Dalam kebudayaan jawa, guru dimaknai “digugu lan ditiru” yang bermakna bahwa keseluruhan ucapan dan tindakannya dapat dicontoh oleh muridnya. Sehingga, guru tidak semata-mata orang yang ahli dalam suatu bidang tertentu kemudian memberikan pembelajaran terkait hal itu. Guru memiliki tanggung jawab yang besar sebagai contoh bagi anak didiknya. Akan tetapi, besarnya tanggung jawab guru tidak serta merta menjadikan murid akan membebek kepada setiap guru yang mereka temui.
Pada dasarnya murid akan lebih dekat kepada terhadap guru dengan karakteristik tertentu yang mereka anggap “cocok” maupun “nyaman”. Dampak dari kecocokan karakter ataupun kenyamanan yang terbangun ini akan menjadikan guru lebih mudah dalam membimbing anak didiknya atau yang dalam buku ini disebut sebagai Guru Idola. Menjadi guru idola, semestinya sudah menjadi harapan setiap calon pendidik maupun mereka yang telah menjadi pendidik. Namun, tidak semua orang dapat menjadi guru idola.
Karena itu, buku ini hadir dengan berisi sekumpulan cara yang dapat dipraktekkan untuk menjadi guru idola. Tidak hanya hal-hal yang perlu dilakukan namun juga hal yang tidak boleh dilakukan oleh guru. Sehingga buku ini sangat cocok dibaca bagi mahasiswa program studi kependidikan yang hendak melaksanakan praktek lapangan maupun bagi guru di berbagai jenjang pendidikan yang memiliki kendala dalam mendidik murid-muridnya. Penulis memulai dengan menjelaskan apa itu guru idola serta menjelaskan perbedaan guru yang demi memenuhi kewajiban profesi dibandingkan dengan guru yang hadir sebagai panggilan jiwa.

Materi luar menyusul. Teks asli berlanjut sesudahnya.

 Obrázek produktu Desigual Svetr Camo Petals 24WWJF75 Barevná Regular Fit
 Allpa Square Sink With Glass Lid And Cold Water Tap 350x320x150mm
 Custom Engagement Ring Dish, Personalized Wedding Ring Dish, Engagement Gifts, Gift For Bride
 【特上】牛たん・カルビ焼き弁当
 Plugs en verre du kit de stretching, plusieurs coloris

Baca Juga: Resensi Cahaya Cinta Pesantren, Oleh: Muhammad Hafizh Paramaputra
Pembahasan kemudian dilanjutkan terkait hal apa saja yang perlu dimiliki oleh guru lalu pembahasan dilanjutkan mengenai hal-hal yang perlu dilakukan oleh Guru Idola. Terhadap banyak hal yang perlu dilakukan seseorang untuk menjadi guru idola, namun keseluruhan hal itu dapat dimaknai sebagai memanusiakan manusia yang dalam konteks ini berarti memanusiakan peserta didik. Buku ini memberikan tuntunan bagaimana seorang guru semestinya memanusiakan peserta didiknya, yang pada gilirannya, hal itu akan memunculkan kenyamanan dan menjadikan guru terkait sebagai guru idola.

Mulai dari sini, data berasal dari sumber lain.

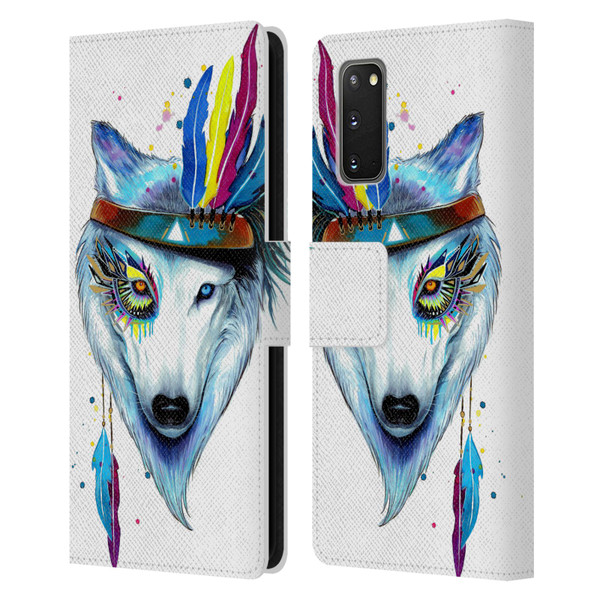 Pixie Cold Animals Warrior Leather Book Wallet Case Cover For Samsung Galaxy S20 / S20 5G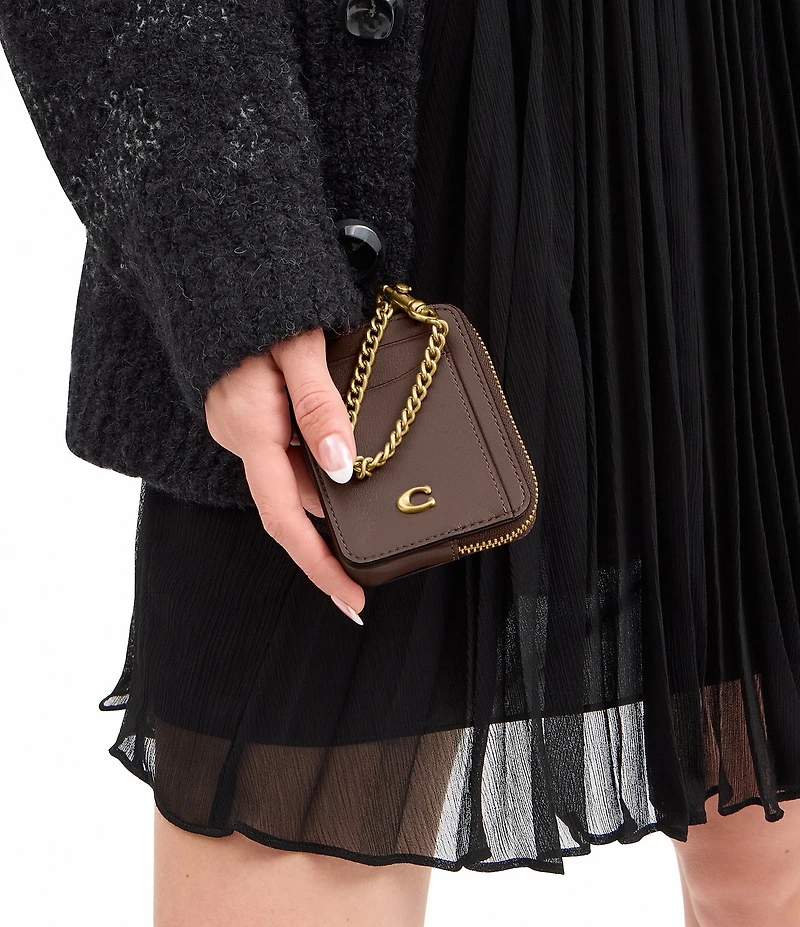 COACH Essential Chain Card Case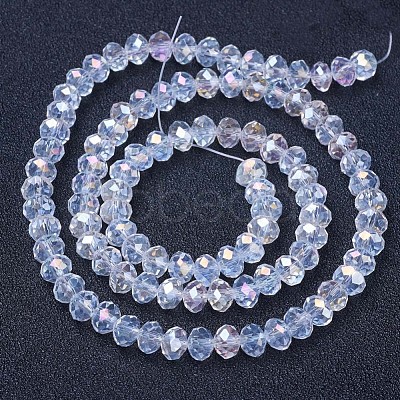 Electroplate Glass Beads Strands EGLA-A034-T6mm-B02-1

Keseluruhan tuntunan tersebut dapat anda baca dan pelajari langsung dalam setiap sub – bab pembahasan di buku ini. Kiat-kiat yang disampaikan cukup lengkap dan bahasa yang digunakan sangat mudah dipahami sehingga dapat dibaca kapanpun. Selain berisi kiat-kiat menjadi guru idola, buku ini juga berisi berbagai hal yang tidak boleh dilakukan oleh guru. Juga, penulis mengingatkan agar guru menghadirkan peserta didik dalam doa. Mengingat sejatinya manusia tidak memiliki daya dan upaya, serta ada dzat yang Maha membolak-balikkan hati, tentunya akan lebih efisien jika upaya yang telah dilakukan tuut diimbangi dengan berdoa.
Namun buku ini sendiri masih memiliki beberapa kekurangan, diantaranya ialah perspektif yang digunakan masih berfokus dalam pendidikan luring. Meskipun perlu diakui tawaran yang penulis sampaikan dalam buku ini termasuk luar biasa dan mungkin belum banyak diaplikasikan dalam pendidikan di Indonesia, namun kondisi dunia yang mengarah ke dunia digital tentunya membutuhkan penyesuain metode pembelajaran agar tetap dapat efektif. Ditambah lagi, terjadinya pandemi covid-19 telah mengubah kebiasaan secara mendasar.
Singkatnya, ketika pendidikan luring belum mencapai tingkat yang sempurna kita telah dihadapkan oleh permasalahan baru yakni tidak efektifnya pembelajaran daring.
Namun, berkaca terhadap semakin membaiknya dan semakin siapnya kita menghadapi pandemi covid-19, tentunya isi dari buku ini kembali relevan mengingat pembelajaran luring kembali diberlakukan dan masih menjadi metode pembelajaran yang lebih diminati ketimbang pembelajaran daring.